Dataset extract below:

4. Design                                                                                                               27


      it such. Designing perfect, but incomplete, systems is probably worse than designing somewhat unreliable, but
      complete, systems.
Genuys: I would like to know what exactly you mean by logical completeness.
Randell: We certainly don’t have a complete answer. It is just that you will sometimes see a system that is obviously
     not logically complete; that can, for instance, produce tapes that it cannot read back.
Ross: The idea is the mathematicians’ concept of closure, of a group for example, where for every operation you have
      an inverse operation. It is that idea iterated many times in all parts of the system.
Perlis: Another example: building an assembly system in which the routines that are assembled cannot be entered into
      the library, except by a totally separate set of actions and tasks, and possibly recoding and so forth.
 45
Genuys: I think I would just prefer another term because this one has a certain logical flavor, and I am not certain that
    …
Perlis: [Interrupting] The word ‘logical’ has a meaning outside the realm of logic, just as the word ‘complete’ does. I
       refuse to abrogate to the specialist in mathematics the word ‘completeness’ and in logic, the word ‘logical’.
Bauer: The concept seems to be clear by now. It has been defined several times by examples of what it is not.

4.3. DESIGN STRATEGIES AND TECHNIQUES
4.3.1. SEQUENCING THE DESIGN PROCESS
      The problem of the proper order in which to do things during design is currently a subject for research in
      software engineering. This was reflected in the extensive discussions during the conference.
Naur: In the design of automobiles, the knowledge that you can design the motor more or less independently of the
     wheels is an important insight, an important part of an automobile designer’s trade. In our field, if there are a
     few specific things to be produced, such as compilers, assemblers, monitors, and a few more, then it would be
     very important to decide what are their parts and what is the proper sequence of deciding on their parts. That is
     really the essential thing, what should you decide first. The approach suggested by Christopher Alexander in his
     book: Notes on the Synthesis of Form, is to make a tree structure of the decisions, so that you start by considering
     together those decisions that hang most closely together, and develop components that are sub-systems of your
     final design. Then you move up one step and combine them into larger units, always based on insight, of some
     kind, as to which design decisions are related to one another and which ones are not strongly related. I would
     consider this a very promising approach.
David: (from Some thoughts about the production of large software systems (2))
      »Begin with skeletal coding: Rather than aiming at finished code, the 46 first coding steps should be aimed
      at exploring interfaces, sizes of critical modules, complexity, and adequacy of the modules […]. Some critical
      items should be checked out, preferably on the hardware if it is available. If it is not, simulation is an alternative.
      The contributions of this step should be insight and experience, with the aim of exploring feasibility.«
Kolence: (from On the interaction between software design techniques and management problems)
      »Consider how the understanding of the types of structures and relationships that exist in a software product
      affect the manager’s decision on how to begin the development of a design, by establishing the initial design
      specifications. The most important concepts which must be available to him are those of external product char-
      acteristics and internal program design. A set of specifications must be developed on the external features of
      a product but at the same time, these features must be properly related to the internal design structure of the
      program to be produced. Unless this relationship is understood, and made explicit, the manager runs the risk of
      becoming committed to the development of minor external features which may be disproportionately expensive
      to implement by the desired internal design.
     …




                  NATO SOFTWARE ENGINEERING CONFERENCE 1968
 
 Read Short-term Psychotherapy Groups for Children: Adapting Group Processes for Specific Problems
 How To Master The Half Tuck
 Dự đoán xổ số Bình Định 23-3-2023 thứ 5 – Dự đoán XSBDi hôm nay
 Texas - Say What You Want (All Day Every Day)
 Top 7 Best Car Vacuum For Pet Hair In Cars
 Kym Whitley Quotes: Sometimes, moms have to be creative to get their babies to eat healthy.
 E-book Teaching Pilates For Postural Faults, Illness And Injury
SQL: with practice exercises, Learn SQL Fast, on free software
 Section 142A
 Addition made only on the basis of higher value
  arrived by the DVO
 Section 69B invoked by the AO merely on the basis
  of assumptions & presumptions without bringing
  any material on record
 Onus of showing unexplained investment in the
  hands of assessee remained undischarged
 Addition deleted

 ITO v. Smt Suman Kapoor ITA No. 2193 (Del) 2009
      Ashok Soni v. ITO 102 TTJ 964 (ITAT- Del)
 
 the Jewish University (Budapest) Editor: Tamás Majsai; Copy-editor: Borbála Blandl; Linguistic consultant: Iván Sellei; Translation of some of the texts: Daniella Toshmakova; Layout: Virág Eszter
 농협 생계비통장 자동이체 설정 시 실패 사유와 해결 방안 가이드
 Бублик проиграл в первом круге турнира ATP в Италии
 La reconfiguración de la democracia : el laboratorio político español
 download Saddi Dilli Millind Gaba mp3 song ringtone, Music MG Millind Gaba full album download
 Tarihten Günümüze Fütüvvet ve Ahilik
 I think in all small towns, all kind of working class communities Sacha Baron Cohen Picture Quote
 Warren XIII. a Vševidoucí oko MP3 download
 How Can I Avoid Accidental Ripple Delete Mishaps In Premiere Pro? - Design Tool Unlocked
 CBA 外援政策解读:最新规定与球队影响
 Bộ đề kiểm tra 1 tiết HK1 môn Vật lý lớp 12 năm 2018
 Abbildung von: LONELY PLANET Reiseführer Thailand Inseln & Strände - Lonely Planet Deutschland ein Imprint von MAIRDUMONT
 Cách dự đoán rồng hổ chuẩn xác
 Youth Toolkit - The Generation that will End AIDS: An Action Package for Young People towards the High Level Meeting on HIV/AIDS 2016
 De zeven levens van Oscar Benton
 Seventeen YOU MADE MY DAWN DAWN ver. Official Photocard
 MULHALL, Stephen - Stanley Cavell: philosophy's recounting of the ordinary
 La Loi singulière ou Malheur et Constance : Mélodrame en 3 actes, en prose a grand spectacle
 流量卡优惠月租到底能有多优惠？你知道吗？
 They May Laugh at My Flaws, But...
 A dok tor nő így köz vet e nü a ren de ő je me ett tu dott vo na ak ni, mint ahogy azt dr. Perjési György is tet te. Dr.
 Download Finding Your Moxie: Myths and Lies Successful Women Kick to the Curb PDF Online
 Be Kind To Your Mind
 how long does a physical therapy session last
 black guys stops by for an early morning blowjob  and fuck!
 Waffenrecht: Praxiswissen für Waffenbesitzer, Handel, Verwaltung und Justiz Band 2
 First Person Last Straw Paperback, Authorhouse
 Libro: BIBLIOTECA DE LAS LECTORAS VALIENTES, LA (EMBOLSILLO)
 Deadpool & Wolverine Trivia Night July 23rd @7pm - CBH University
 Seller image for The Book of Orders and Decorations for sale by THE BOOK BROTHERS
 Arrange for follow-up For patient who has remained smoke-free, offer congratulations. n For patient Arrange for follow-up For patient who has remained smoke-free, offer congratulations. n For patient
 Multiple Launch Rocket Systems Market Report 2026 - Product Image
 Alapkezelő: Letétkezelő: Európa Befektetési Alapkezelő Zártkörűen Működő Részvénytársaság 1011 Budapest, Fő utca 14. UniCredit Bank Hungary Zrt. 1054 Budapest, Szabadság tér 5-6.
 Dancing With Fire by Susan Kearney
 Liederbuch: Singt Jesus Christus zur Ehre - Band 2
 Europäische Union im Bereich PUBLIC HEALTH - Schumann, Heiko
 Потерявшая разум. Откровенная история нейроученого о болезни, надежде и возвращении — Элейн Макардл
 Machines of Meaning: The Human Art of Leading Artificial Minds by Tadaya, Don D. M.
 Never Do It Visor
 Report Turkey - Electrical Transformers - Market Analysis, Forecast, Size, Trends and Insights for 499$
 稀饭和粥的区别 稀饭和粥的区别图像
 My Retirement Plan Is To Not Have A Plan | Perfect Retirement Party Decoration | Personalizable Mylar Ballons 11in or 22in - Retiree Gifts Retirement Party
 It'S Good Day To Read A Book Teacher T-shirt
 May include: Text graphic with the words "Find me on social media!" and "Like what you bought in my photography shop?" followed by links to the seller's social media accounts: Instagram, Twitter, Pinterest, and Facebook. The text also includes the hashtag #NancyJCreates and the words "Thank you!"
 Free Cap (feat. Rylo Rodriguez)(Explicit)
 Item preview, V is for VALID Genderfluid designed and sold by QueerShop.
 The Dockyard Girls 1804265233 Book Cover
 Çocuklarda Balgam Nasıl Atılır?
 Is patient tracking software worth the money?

End of Dataset extract.

Problem to work on: Please reproduce, exactly as they appear above, the lines from the line containing "It'S Good Day To Read A Book Teacher T-shirt" up to and including the line containing "Free Cap (feat. Rylo Rodriguez)(Explicit)".

Answer box:
 It'S Good Day To Read A Book Teacher T-shirt
 May include: Text graphic with the words "Find me on social media!" and "Like what you bought in my photography shop?" followed by links to the seller's social media accounts: Instagram, Twitter, Pinterest, and Facebook. The text also includes the hashtag #NancyJCreates and the words "Thank you!"
 Free Cap (feat. Rylo Rodriguez)(Explicit)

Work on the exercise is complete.